#### [What is being asked]
Return only the lines from the start of the records through the line that contains "ABD de Venezuela", inclusive; leave out all pictures.

*** Source material Section Begins ***

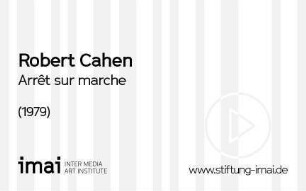 Arrêt sur marche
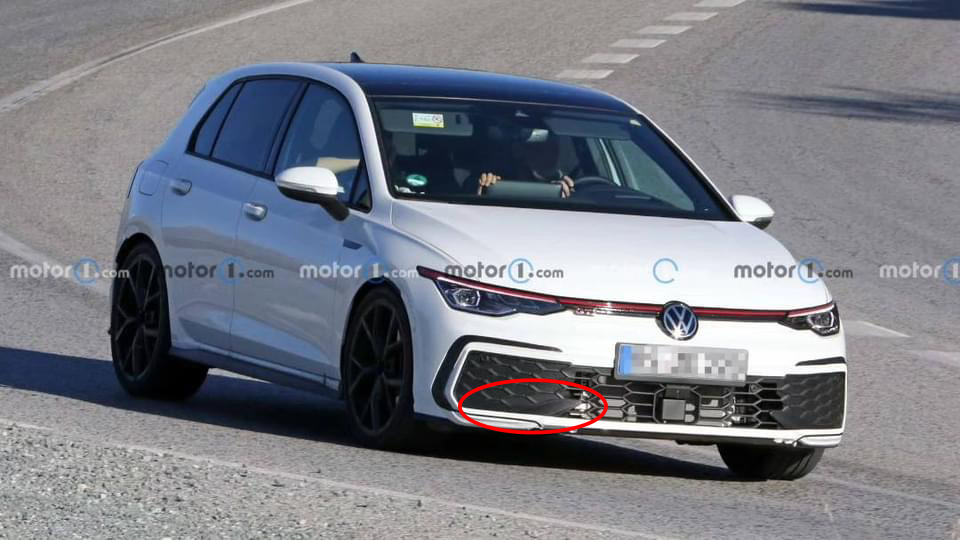 LEAKED: Volkswagen Golf Is Getting A Facelift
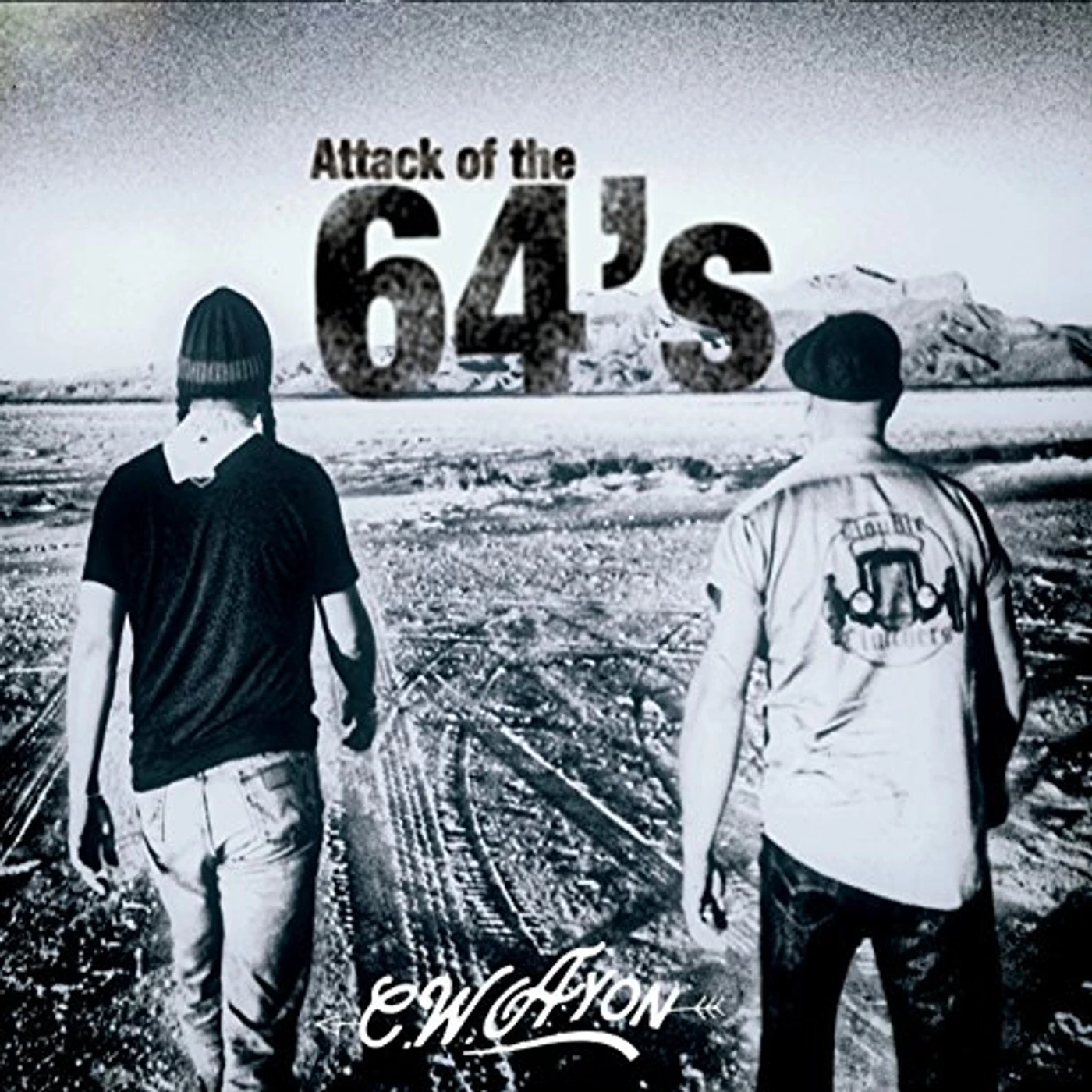 CW Ayon ATTACK OF THE 64'S CD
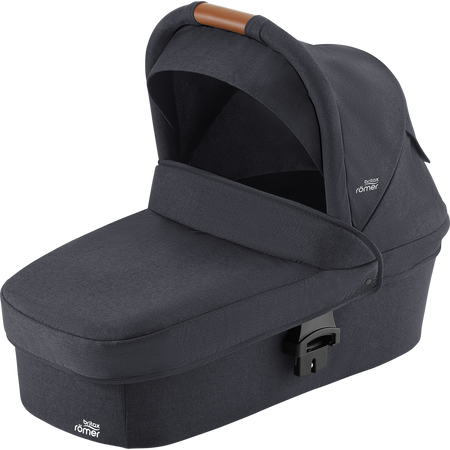 Britax Romer STRIDER M Gondola Do Wózka Black Shadow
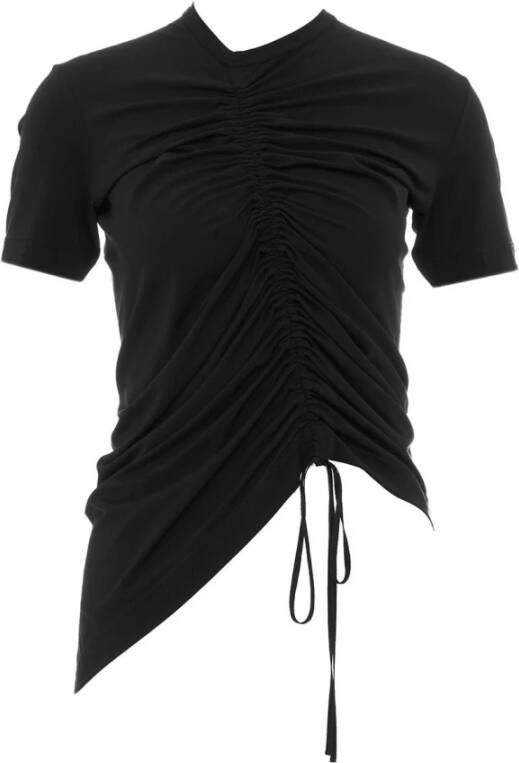 N21 T-Shirts Zwart Dames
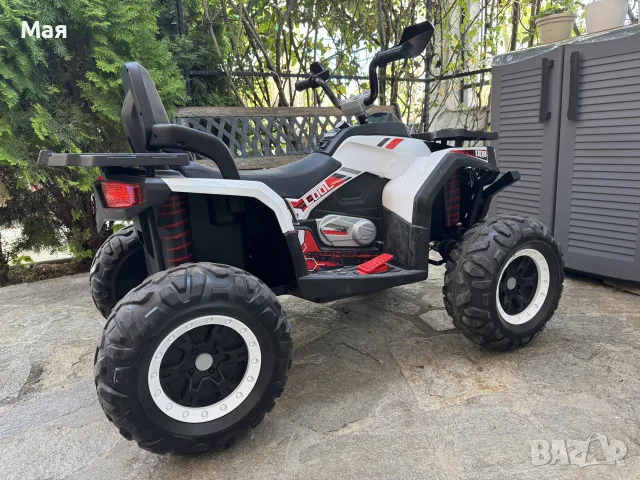 Детско АТВ до 50 кг, снимка 11 - Детски велосипеди, триколки и коли - 55761632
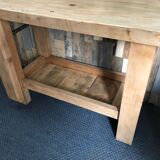 Former carpenter's workbench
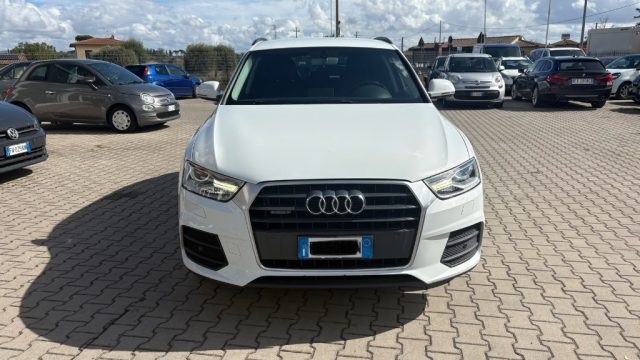 Audi Q3 2.0 TDI 150 CV quattro S tronic Design, del 2016, 155.000 km, in vendita a Monte San Savino (AR)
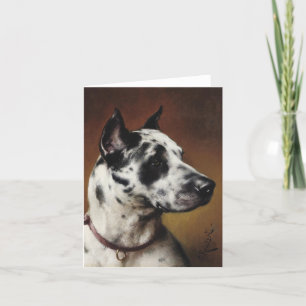 A Great Dane Note Card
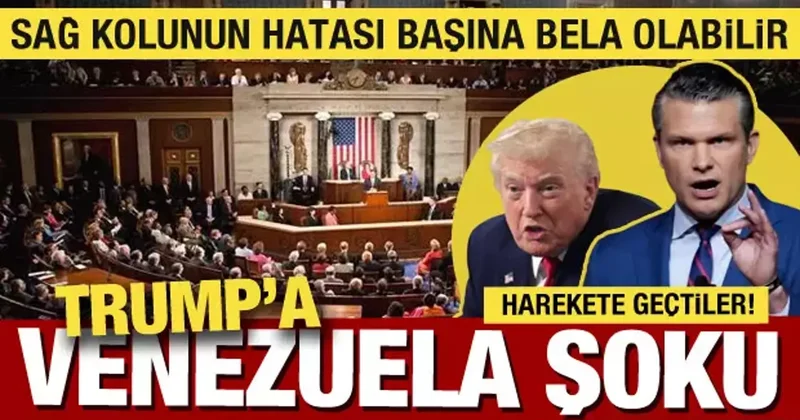 ABD de Venezuela çekincesi: Savaş suçu işlemiş olabiliriz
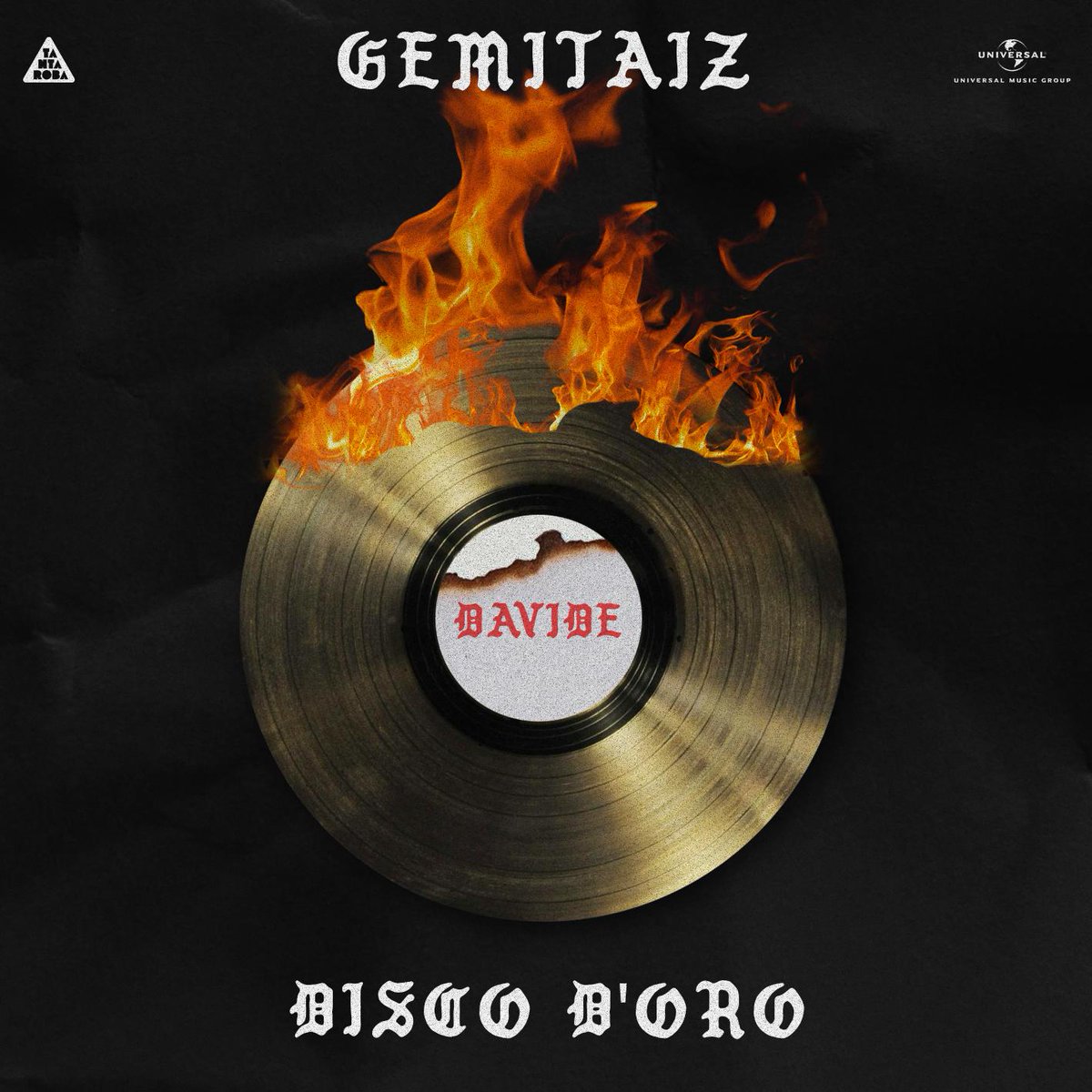 TantaRobaLabel's tweet photo. Certificato ORO, il nuovo album di @TheTrueGemitaiz, DAVIDE, da due settimane al vertice dei dischi più venduti in Italia 📀 

Sempre oggi, KEPLER, il primo album ufficiale di @TheTrueGemitaiz e @orangeMadMan, raggiunge il PLATINO 💿 https://t.co/BgOPEn3c5i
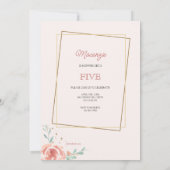 Foto-Einladung Einladung (Rückseite)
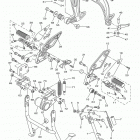 FZS1 FZS10FGY/FZS10FCGY Подножки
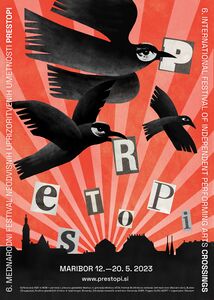 Poster for the 6th international festival of independent arts <!--LINK'" 0:276-->, 2023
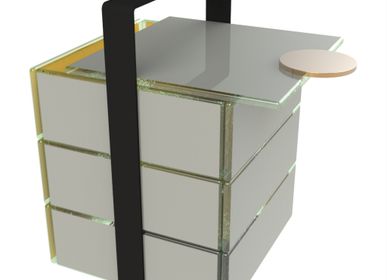 Coffrets et boîtes - Panier pique-Nique Pantone Couleurs 2021 - MYGLASSSTUDIO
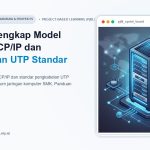 Panduan Lengkap Model Jaringan TCP/IP dan Pengkabelan UTP Standar TIA 568B [Seri PJBL #7]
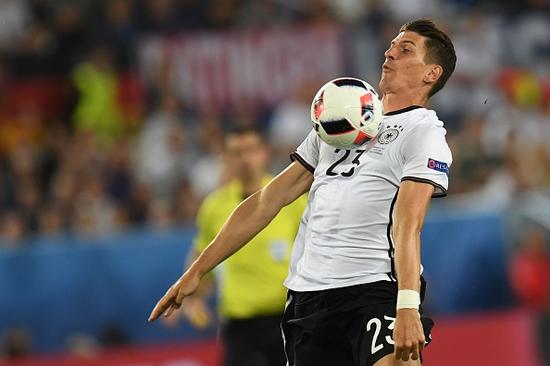 重回国家队的戈麦斯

*** Source material Section Ends ***

#### [Response to the task]
 Arrêt sur marche
 LEAKED: Volkswagen Golf Is Getting A Facelift
 CW Ayon ATTACK OF THE 64'S CD
 Britax Romer STRIDER M Gondola Do Wózka Black Shadow
 N21 T-Shirts Zwart Dames
 Детско АТВ до 50 кг, снимка 11 - Детски велосипеди, триколки и коли - 55761632
 Former carpenter's workbench
 Audi Q3 2.0 TDI 150 CV quattro S tronic Design, del 2016, 155.000 km, in vendita a Monte San Savino (AR)
 A Great Dane Note Card
 ABD de Venezuela çekincesi: Savaş suçu işlemiş olabiliriz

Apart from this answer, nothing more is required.